Rédigé par leral.net le Jeudi 18 Septembre 2025 à 11:38 | | 0 commentaire(s)|

Traite des personnes et trafic de migrants : des crimes graves mais qui laissent peu de traces financières détectables, d’après le rapport 2024 de la CENTIF. L’an dernier, la Cellule n’a recensé que deux déclarations de soupçon liées à la traite des êtres humains et un cas supplémentaire combinant traite et trafic illicite de migrants. Des chiffres extrêmement bas, qui traduisent surtout la difficulté à repérer l’argent généré par ces activités inhumaines.

En effet, la traite des êtres humains (exploitation sexuelle, travail forcé, esclavage moderne…) fonctionne sur des réseaux très clandestins.

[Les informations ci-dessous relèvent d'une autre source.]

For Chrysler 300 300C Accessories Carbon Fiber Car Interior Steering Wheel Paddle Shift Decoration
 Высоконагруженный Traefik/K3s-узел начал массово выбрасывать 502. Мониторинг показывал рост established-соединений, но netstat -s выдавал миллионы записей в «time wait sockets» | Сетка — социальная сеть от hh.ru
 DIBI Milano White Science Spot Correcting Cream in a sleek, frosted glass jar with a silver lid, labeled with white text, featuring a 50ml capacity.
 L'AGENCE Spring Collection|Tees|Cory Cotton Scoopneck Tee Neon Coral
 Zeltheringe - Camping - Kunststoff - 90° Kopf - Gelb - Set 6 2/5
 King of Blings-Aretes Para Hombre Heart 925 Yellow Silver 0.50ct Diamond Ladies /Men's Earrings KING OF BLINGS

Les trafiquants opèrent souvent en dehors des circuits officiels, utilisant du cash ou des mécanismes informels pour leurs transactions, de sorte que les revenus de ces crimes n’entrent presque jamais dans les banques traditionnelles. Par exemple, un réseau de prostitution forcée peut engranger beaucoup d’argent, mais celui-ci sera redistribué en espèces aux différents souteneurs ou blanchi via des commerces de proximité, plutôt que déposé directement sur un compte bancaire identifiable.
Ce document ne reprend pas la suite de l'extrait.